Quick answer: Unreal GameInstanceSubsystems initialized in non-deterministic order, causing some to read from others that aren’t ready? Declare dependencies explicitly so the engine orders init.
A SaveGameSubsystem initializes before SettingsSubsystem; reading the save’s settings before SettingsSubsystem exists is a null deref.
Initialize Override
void USaveGameSubsystem::Initialize(FSubsystemCollectionBase& Collection) {
Collection.InitializeDependency(USettingsSubsystem::StaticClass());
Super::Initialize(Collection);
}InitializeDependency ensures the named subsystem is ready before yours. Engine builds the init DAG and orders accordingly.
Avoid Cyclic Deps
If A depends on B and B depends on A, init becomes ambiguous — refactor to extract shared state into a third subsystem.
ShouldCreateSubsystem
Override ShouldCreateSubsystem to conditionally enable.
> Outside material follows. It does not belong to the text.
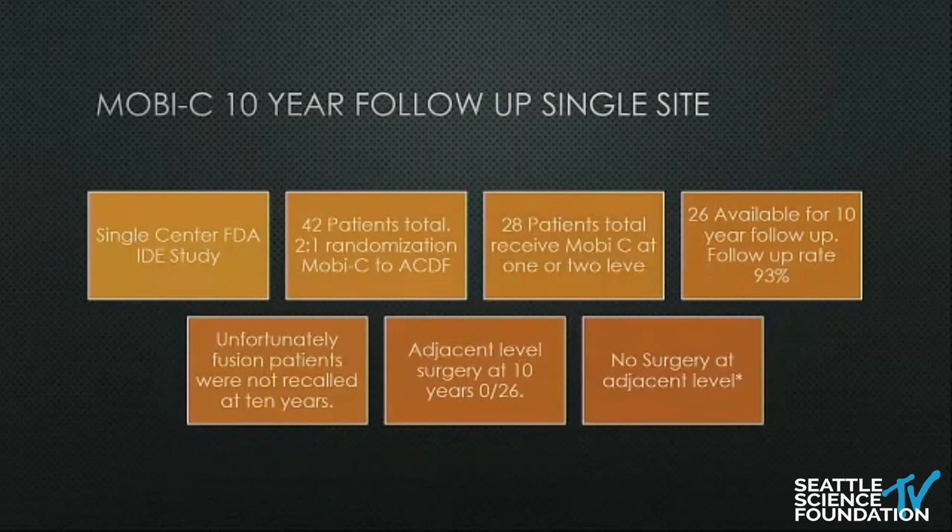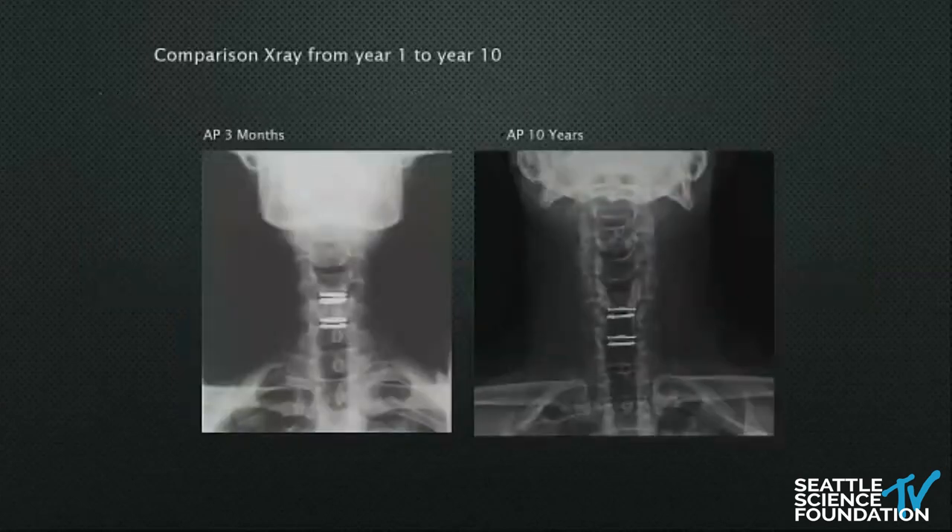I participated in the Mobi-C trial and brought my patients back at 10 years — an incredible experience. I had 28 patients in the Mobi-C group and brought back 26, a 93% follow-up rate. Interestingly, I couldn't even get the fusion patients back; they felt like they got the booby prize. But out of all 26 Mobi-C patients, not one had adjacent-level surgery — not by me or anyone else.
Useful for platform-specific subsystems — reduces unused initialization.
Deinitialize Mirror
Subsystems also deinitialize in reverse order. Resources A acquired from B are released before B itself goes down — consistent shutdown.
Verifying
Subsystems initialize in the expected order. No null derefs during early-game logic. Editor restart confirms deterministic behavior.
“Subsystem init order is non-deterministic by default. InitializeDependency makes it explicit.”
Document subsystem dependencies in the class header comment — the next dev to add a dependency knows the contract.